### What is needed:
Copy the lines below word for word, skipping any image.

═════ Data block ═════

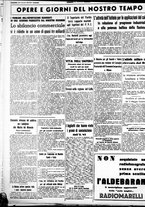 giornale/CUB0707353/1939/Gennaio/134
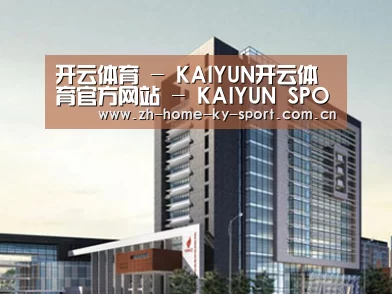 案例展示七(图1) 案例展示七(图1)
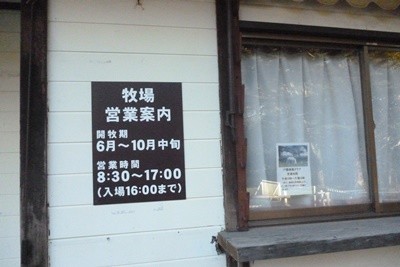 2014091206-123BokujyoKanri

═════

### Answer space:
 giornale/CUB0707353/1939/Gennaio/134
 案例展示七(图1) 案例展示七(图1)
 2014091206-123BokujyoKanri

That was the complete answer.